▶ _Goal of the exercise_
Without including any pictures, give back all of the data exactly.

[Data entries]
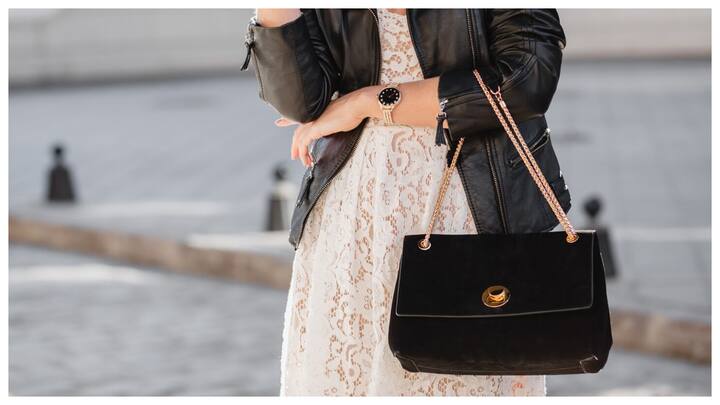 डस्ट हटाएं : एक साफ और सूखे कपड़े या ब्रश से बैग के अंदर और बाहर की धूल को हटाएं. कोनों और जेबों में जमा धूल को अच्छे से साफ करें. आप क्लीनर का भी इस्तेमाल कर सकते हैं.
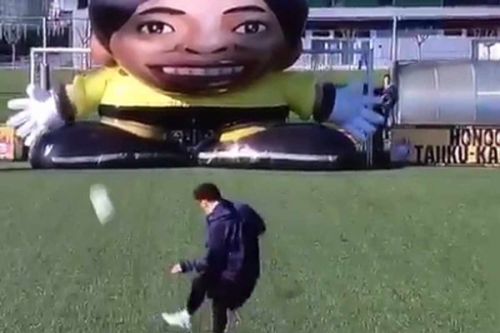 Thể thao - Video: Khoe kĩ năng sút phạt, Messi so tài với 'gã' thủ môn khổng lồ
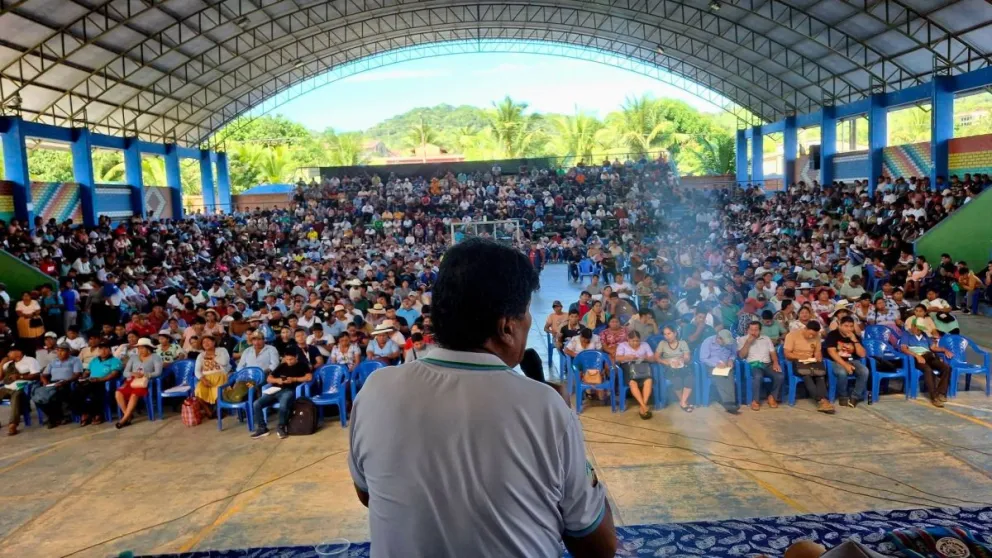 Evo Morales en una concentración de las federaciones de cocaleros el 1 de agosto, en plena vigencia del estado de excepción. Foto: RKC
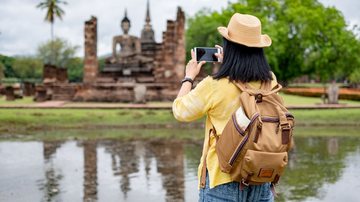 Um neurologista, recomenda atividades como aprender novas palavras, jogos de memória e até viagens para lugares desconhecidos - Foto: Envato Elements/Weedezign_photo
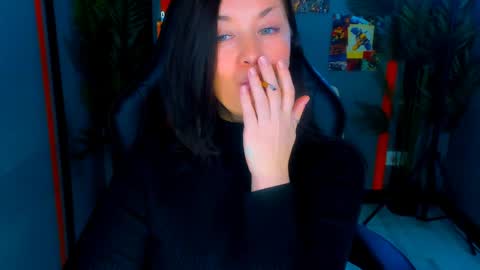 Snapshot of ana_mills chatting on 04.23.26 Ana online show from 04.23.26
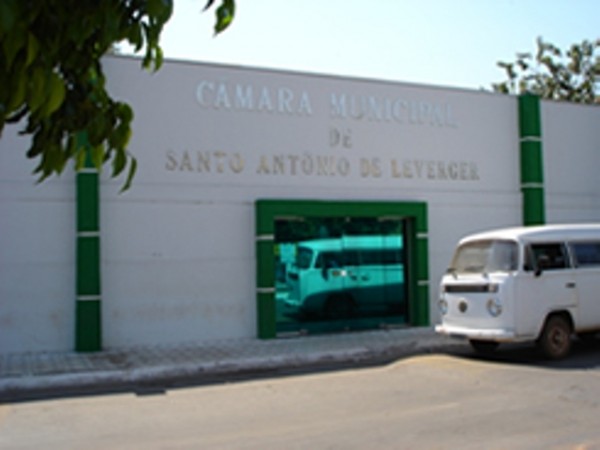 Aprovada PEC que cria duas vagas de vereadores para Leverger.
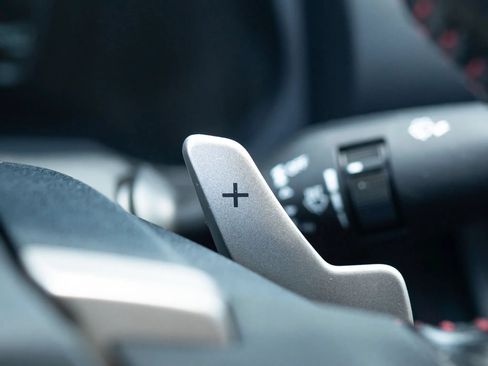 Used 2016 Lexus IS 350 RWD image 35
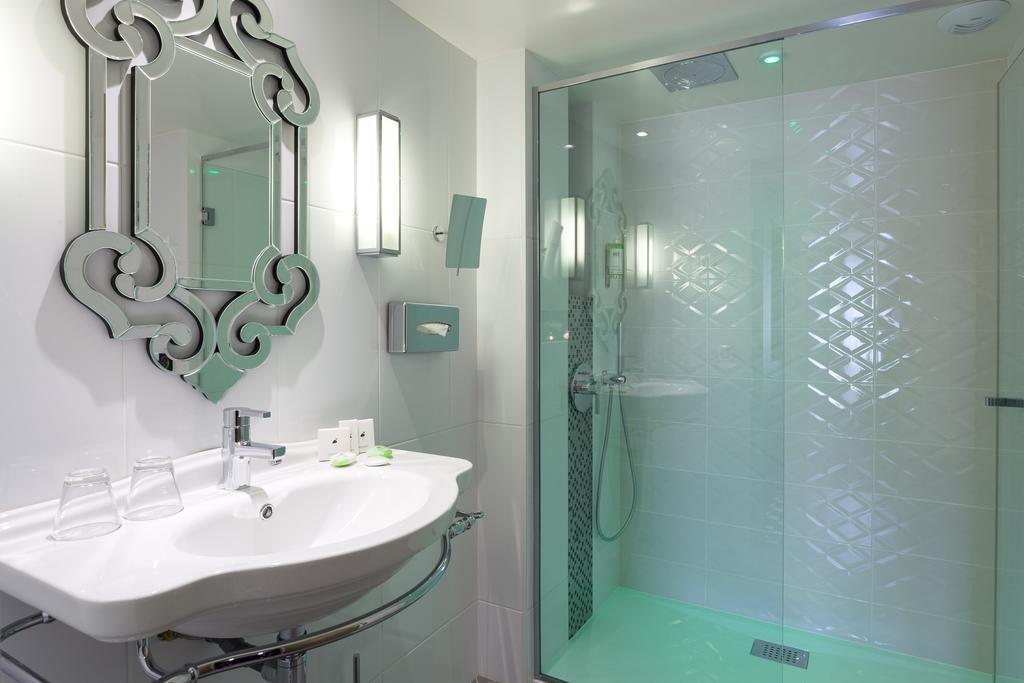 Superior Room access to the SPA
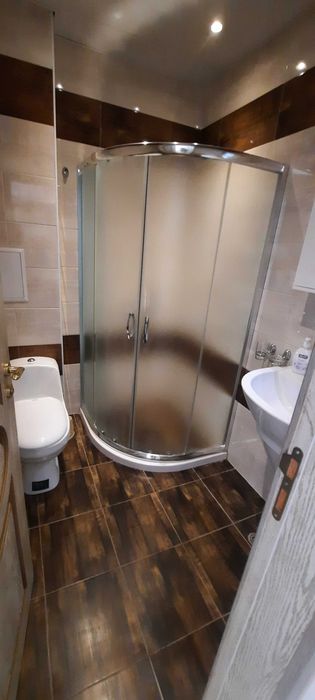 Дава се под наем Тристаен апартамент в Бургас, Център - 104 кв.м за 765 € - Снимка #13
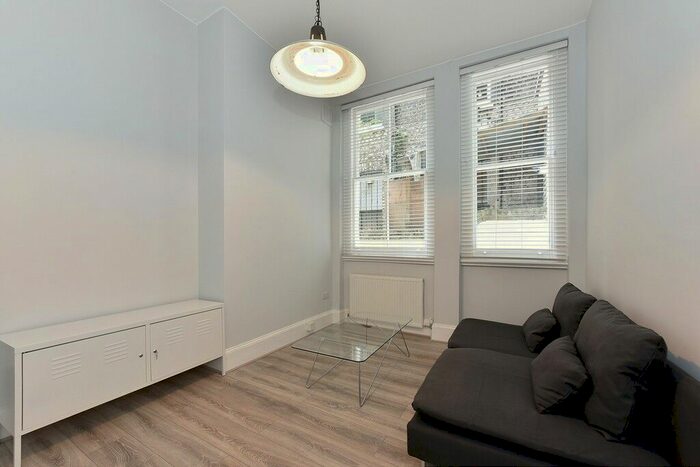 1 Bedroom Flat To Rent In New Kings Road, Fulham, SW6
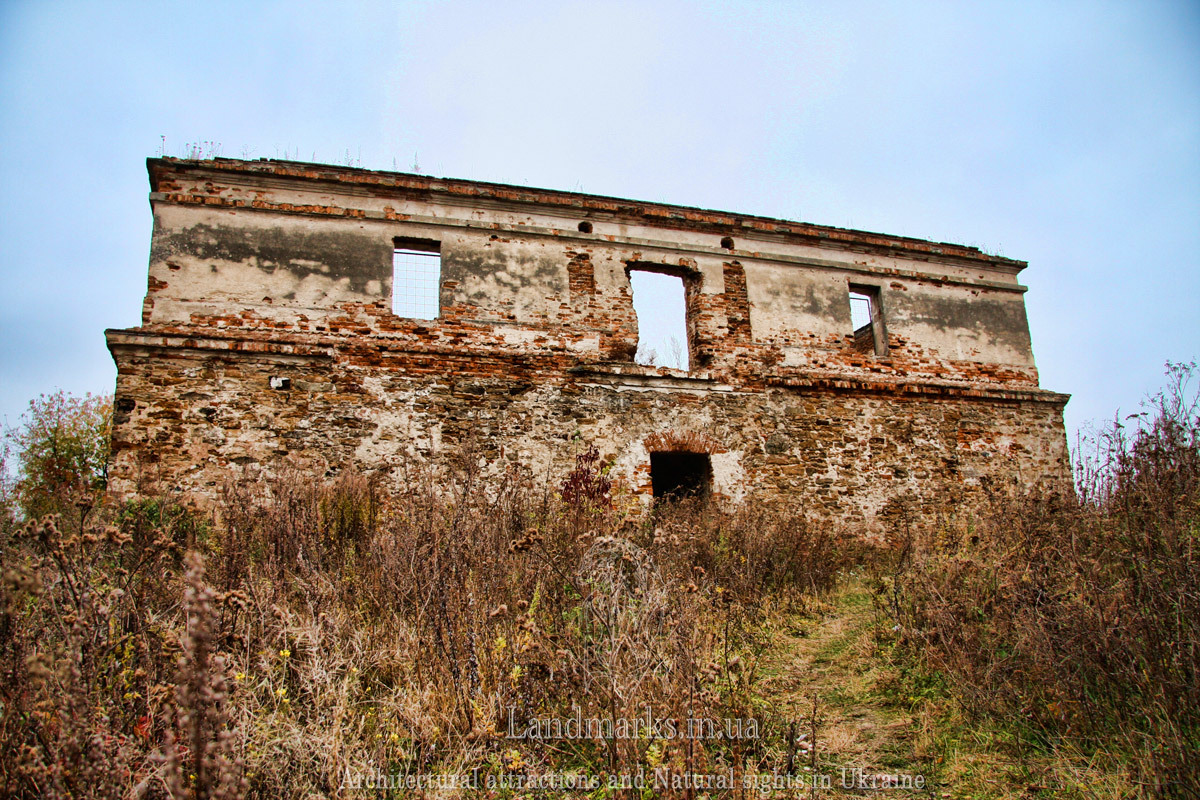 Castle in Izyaslav is smal ruin now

▶ _Solution to this problem_
 डस्ट हटाएं : एक साफ और सूखे कपड़े या ब्रश से बैग के अंदर और बाहर की धूल को हटाएं. कोनों और जेबों में जमा धूल को अच्छे से साफ करें. आप क्लीनर का भी इस्तेमाल कर सकते हैं.
 Thể thao - Video: Khoe kĩ năng sút phạt, Messi so tài với 'gã' thủ môn khổng lồ
 Evo Morales en una concentración de las federaciones de cocaleros el 1 de agosto, en plena vigencia del estado de excepción. Foto: RKC
 Um neurologista, recomenda atividades como aprender novas palavras, jogos de memória e até viagens para lugares desconhecidos - Foto: Envato Elements/Weedezign_photo
 Snapshot of ana_mills chatting on 04.23.26 Ana online show from 04.23.26
 Aprovada PEC que cria duas vagas de vereadores para Leverger.
 Used 2016 Lexus IS 350 RWD image 35
 Superior Room access to the SPA
 Дава се под наем Тристаен апартамент в Бургас, Център - 104 кв.м за 765 € - Снимка #13
 1 Bedroom Flat To Rent In New Kings Road, Fulham, SW6
 Castle in Izyaslav is smal ruin now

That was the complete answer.